What to produce: Your answer is the line containing "Warwickshire Postcard - Stratford-on-Avon" plus every line after it through the end of the records, printed exactly and free of pictures.

++++++++++++++++++++

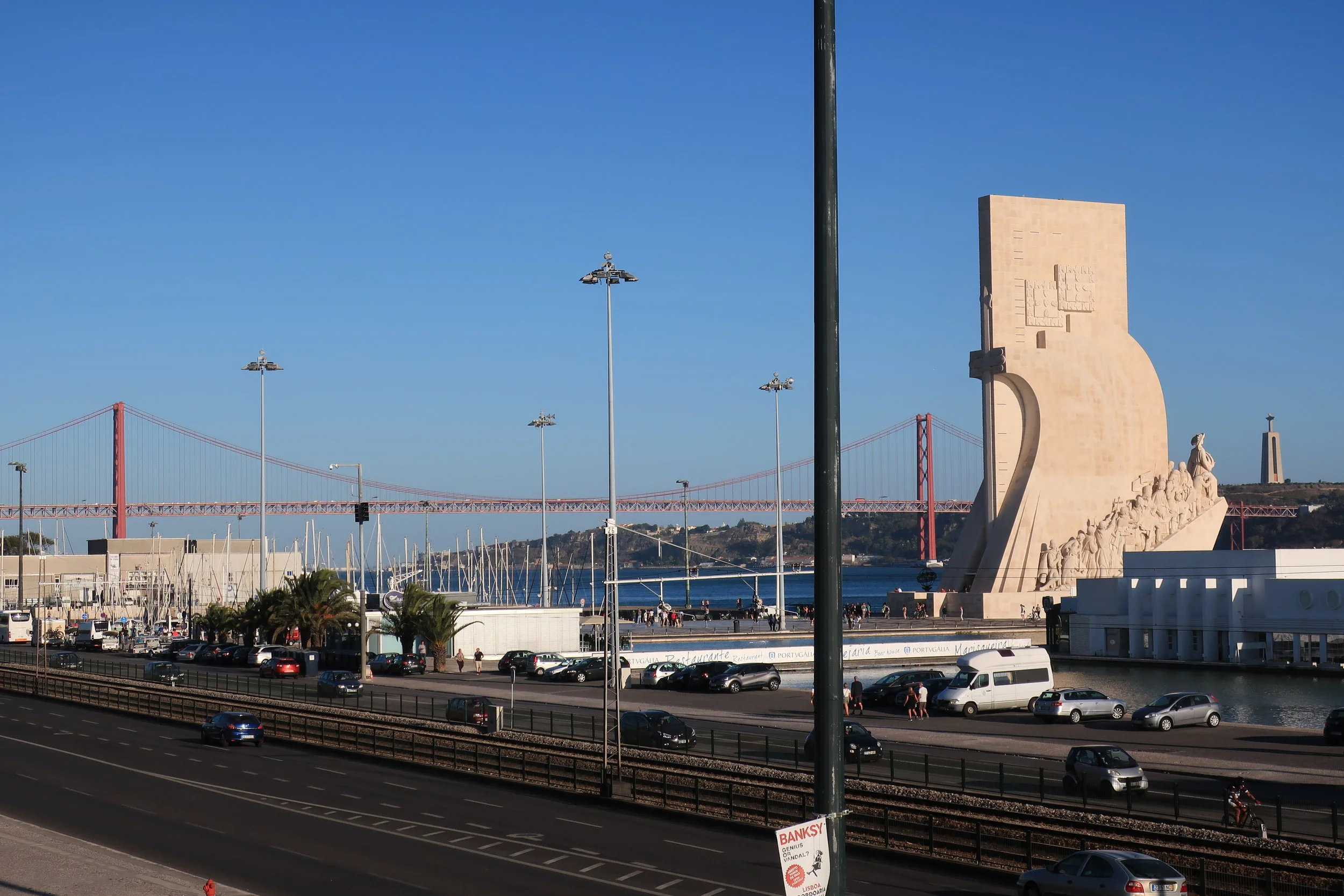  Lisbon 2019--Belem--Discoverers Monument and 25 April Bridge 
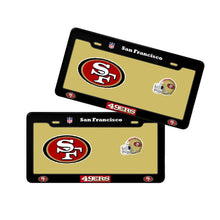 Cargar imagen en el visor de la galería, Porta Placa NFL Colección San Francisco 49ers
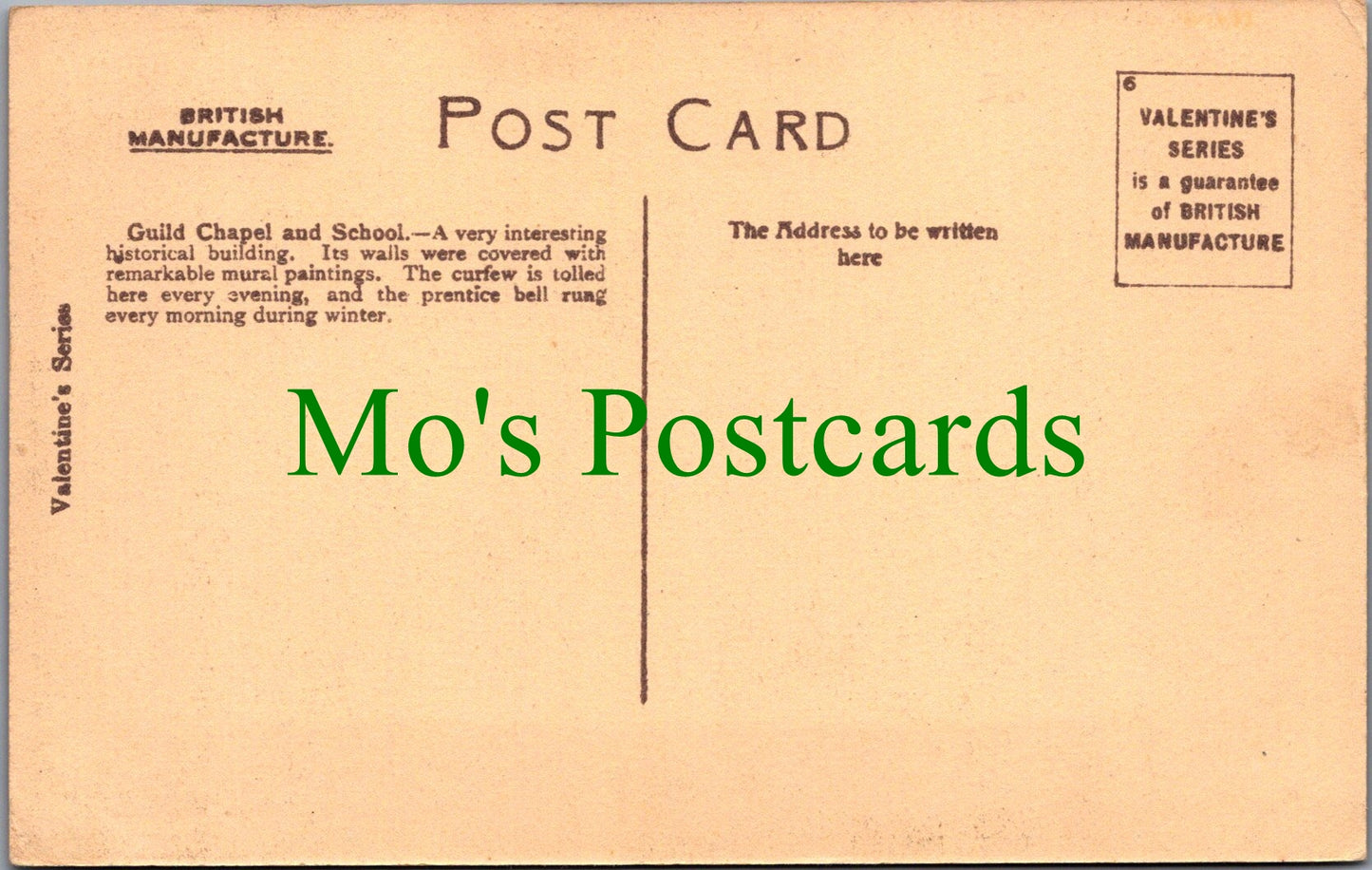 Warwickshire Postcard - Stratford-on-Avon Guild Chapel, and School  SW12486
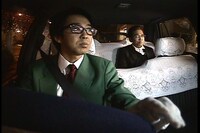 コント「タクシー」の一場面。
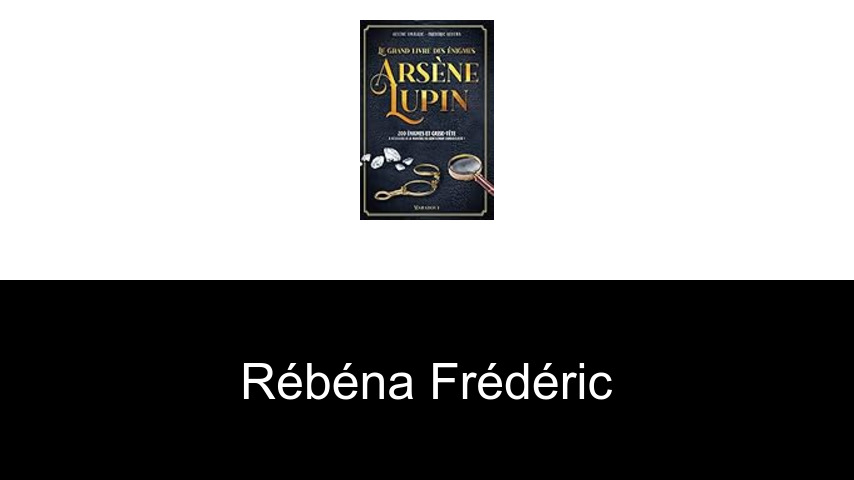 livres de Rébéna Frédéric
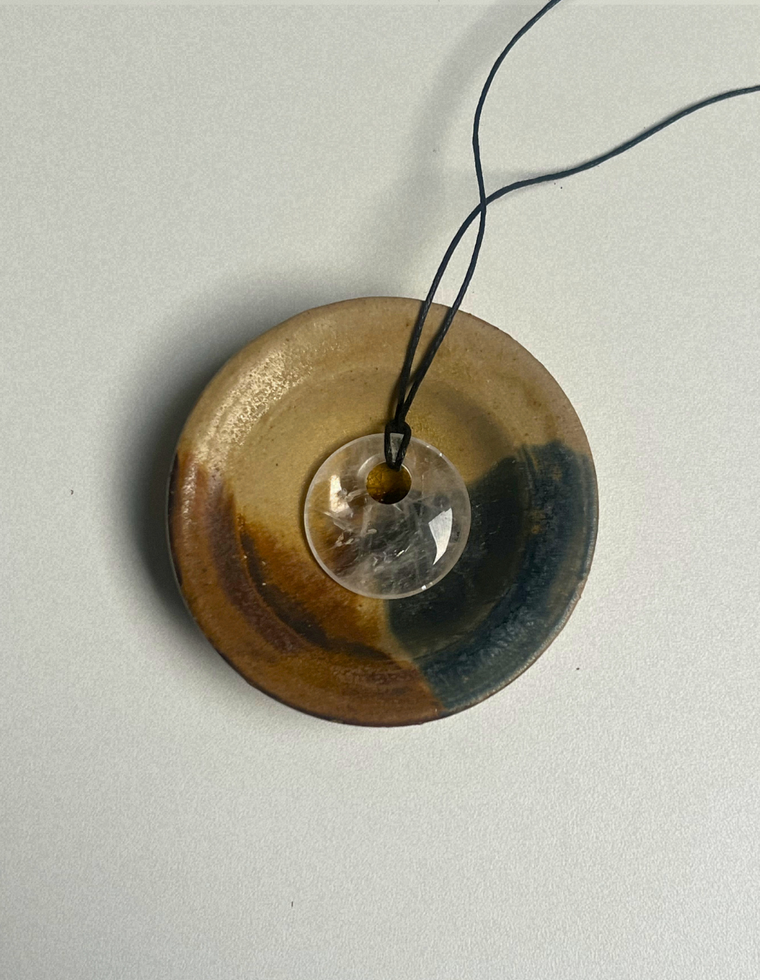 Clear Quartz Circa Pendant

++++++++++++++++++++

Task result:
 Warwickshire Postcard - Stratford-on-Avon Guild Chapel, and School  SW12486
 コント「タクシー」の一場面。
 livres de Rébéna Frédéric
 Clear Quartz Circa Pendant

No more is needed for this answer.